***** Supplied entries
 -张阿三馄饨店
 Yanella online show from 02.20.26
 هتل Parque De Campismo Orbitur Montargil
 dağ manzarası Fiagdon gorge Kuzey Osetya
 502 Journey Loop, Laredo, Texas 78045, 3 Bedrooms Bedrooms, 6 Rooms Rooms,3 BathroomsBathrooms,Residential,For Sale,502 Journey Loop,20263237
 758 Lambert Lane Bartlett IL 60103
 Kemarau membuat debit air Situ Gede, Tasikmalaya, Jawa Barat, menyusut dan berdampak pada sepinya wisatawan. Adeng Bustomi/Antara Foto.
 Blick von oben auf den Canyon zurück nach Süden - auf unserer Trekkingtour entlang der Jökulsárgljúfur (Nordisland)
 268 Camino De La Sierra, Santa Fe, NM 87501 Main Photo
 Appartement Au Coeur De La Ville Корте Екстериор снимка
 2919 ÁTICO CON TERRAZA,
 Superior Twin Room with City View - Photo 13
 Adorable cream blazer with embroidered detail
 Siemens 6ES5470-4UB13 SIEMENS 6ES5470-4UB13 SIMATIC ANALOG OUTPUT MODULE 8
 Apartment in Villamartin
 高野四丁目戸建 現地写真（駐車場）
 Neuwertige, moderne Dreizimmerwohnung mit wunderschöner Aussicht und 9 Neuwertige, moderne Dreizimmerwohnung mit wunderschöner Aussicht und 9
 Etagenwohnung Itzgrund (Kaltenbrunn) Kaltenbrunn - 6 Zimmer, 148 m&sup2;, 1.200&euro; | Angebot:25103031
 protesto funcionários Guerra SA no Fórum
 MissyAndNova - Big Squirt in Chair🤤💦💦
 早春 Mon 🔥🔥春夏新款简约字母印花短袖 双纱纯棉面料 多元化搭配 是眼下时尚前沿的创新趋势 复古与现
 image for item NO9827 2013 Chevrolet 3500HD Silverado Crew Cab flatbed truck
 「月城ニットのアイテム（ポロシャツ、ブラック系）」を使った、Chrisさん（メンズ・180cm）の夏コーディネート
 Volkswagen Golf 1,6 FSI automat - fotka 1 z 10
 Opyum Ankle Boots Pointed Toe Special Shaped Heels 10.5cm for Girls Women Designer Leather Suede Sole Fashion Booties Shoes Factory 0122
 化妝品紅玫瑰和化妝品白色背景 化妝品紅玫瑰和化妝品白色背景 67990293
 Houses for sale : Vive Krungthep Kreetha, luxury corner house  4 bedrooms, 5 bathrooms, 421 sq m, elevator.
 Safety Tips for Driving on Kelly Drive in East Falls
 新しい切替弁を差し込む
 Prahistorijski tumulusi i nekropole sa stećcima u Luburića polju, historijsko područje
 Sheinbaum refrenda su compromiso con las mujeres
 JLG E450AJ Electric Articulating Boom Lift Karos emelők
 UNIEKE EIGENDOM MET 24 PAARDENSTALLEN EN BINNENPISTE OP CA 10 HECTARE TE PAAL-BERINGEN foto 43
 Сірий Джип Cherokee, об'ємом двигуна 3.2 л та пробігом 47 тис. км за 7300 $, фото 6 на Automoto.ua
**********
Work instructions: Taking the material above, extract exactly and only the lines from the line with "Appartement Au Coeur" to the line with "Volkswagen Golf 1,6", inclusive of both.

Response:
 Appartement Au Coeur De La Ville Корте Екстериор снимка
 2919 ÁTICO CON TERRAZA,
 Superior Twin Room with City View - Photo 13
 Adorable cream blazer with embroidered detail
 Siemens 6ES5470-4UB13 SIEMENS 6ES5470-4UB13 SIMATIC ANALOG OUTPUT MODULE 8
 Apartment in Villamartin
 高野四丁目戸建 現地写真（駐車場）
 Neuwertige, moderne Dreizimmerwohnung mit wunderschöner Aussicht und 9 Neuwertige, moderne Dreizimmerwohnung mit wunderschöner Aussicht und 9
 Etagenwohnung Itzgrund (Kaltenbrunn) Kaltenbrunn - 6 Zimmer, 148 m&sup2;, 1.200&euro; | Angebot:25103031
 protesto funcionários Guerra SA no Fórum
 MissyAndNova - Big Squirt in Chair🤤💦💦
 早春 Mon 🔥🔥春夏新款简约字母印花短袖 双纱纯棉面料 多元化搭配 是眼下时尚前沿的创新趋势 复古与现
 image for item NO9827 2013 Chevrolet 3500HD Silverado Crew Cab flatbed truck
 「月城ニットのアイテム（ポロシャツ、ブラック系）」を使った、Chrisさん（メンズ・180cm）の夏コーディネート
 Volkswagen Golf 1,6 FSI automat - fotka 1 z 10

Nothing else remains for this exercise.